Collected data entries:
*** Begin section ***

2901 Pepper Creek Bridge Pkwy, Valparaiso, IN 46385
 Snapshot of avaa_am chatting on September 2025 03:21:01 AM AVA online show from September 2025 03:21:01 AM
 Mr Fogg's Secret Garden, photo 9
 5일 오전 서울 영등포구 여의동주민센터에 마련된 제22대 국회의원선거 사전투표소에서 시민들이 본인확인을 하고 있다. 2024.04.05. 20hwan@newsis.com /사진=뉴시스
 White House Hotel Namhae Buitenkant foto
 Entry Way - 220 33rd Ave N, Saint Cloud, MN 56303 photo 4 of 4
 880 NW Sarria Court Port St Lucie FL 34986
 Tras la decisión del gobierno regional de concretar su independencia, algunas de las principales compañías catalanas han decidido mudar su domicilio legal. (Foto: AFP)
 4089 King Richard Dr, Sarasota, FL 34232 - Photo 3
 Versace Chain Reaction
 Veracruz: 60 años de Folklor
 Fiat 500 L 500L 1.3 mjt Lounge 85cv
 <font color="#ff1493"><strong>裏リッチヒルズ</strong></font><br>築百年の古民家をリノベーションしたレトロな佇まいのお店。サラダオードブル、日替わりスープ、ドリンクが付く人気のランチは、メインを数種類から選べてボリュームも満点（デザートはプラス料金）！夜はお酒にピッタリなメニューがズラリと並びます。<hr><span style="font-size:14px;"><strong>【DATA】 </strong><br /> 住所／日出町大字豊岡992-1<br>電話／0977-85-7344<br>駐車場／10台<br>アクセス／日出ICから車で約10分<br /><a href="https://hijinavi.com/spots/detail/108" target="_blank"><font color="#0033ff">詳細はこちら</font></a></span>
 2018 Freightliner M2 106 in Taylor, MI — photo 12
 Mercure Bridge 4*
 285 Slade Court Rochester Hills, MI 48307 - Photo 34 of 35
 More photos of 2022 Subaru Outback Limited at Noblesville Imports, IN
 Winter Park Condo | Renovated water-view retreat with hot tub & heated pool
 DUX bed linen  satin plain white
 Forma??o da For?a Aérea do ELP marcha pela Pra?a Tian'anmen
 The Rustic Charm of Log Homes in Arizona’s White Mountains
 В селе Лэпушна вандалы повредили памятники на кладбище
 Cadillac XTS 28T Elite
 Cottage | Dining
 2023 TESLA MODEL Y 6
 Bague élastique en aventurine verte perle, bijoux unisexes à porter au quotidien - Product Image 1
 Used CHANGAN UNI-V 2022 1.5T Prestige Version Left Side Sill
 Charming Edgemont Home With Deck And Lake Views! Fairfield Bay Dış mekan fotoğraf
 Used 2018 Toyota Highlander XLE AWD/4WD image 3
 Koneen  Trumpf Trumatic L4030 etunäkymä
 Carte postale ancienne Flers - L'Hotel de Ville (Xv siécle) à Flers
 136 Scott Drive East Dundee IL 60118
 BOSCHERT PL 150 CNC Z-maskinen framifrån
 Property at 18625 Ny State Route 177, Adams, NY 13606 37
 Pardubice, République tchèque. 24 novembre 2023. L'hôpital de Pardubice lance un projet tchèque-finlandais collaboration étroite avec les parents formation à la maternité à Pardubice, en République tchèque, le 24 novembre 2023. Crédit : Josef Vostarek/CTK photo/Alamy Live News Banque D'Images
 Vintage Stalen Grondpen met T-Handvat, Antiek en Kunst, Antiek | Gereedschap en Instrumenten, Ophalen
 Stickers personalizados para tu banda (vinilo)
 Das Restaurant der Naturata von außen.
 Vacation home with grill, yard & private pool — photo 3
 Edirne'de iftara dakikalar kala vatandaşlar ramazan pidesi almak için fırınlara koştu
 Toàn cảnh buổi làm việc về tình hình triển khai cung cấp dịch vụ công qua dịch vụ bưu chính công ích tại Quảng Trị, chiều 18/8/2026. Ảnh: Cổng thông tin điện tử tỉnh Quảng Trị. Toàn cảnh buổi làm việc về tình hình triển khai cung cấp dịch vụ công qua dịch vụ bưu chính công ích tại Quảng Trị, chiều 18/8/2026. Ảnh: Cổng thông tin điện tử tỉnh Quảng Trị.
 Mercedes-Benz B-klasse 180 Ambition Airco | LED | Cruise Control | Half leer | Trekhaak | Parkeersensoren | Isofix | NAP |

*** End section ***

### Exercise goal
Each line from the one containing "Bague élastique en" to the close of the records must appear in the output exactly, and no other line.

### Task output
 Bague élastique en aventurine verte perle, bijoux unisexes à porter au quotidien - Product Image 1
 Used CHANGAN UNI-V 2022 1.5T Prestige Version Left Side Sill
 Charming Edgemont Home With Deck And Lake Views! Fairfield Bay Dış mekan fotoğraf
 Used 2018 Toyota Highlander XLE AWD/4WD image 3
 Koneen  Trumpf Trumatic L4030 etunäkymä
 Carte postale ancienne Flers - L'Hotel de Ville (Xv siécle) à Flers
 136 Scott Drive East Dundee IL 60118
 BOSCHERT PL 150 CNC Z-maskinen framifrån
 Property at 18625 Ny State Route 177, Adams, NY 13606 37
 Pardubice, République tchèque. 24 novembre 2023. L'hôpital de Pardubice lance un projet tchèque-finlandais collaboration étroite avec les parents formation à la maternité à Pardubice, en République tchèque, le 24 novembre 2023. Crédit : Josef Vostarek/CTK photo/Alamy Live News Banque D'Images
 Vintage Stalen Grondpen met T-Handvat, Antiek en Kunst, Antiek | Gereedschap en Instrumenten, Ophalen
 Stickers personalizados para tu banda (vinilo)
 Das Restaurant der Naturata von außen.
 Vacation home with grill, yard & private pool — photo 3
 Edirne'de iftara dakikalar kala vatandaşlar ramazan pidesi almak için fırınlara koştu
 Toàn cảnh buổi làm việc về tình hình triển khai cung cấp dịch vụ công qua dịch vụ bưu chính công ích tại Quảng Trị, chiều 18/8/2026. Ảnh: Cổng thông tin điện tử tỉnh Quảng Trị. Toàn cảnh buổi làm việc về tình hình triển khai cung cấp dịch vụ công qua dịch vụ bưu chính công ích tại Quảng Trị, chiều 18/8/2026. Ảnh: Cổng thông tin điện tử tỉnh Quảng Trị.
 Mercedes-Benz B-klasse 180 Ambition Airco | LED | Cruise Control | Half leer | Trekhaak | Parkeersensoren | Isofix | NAP |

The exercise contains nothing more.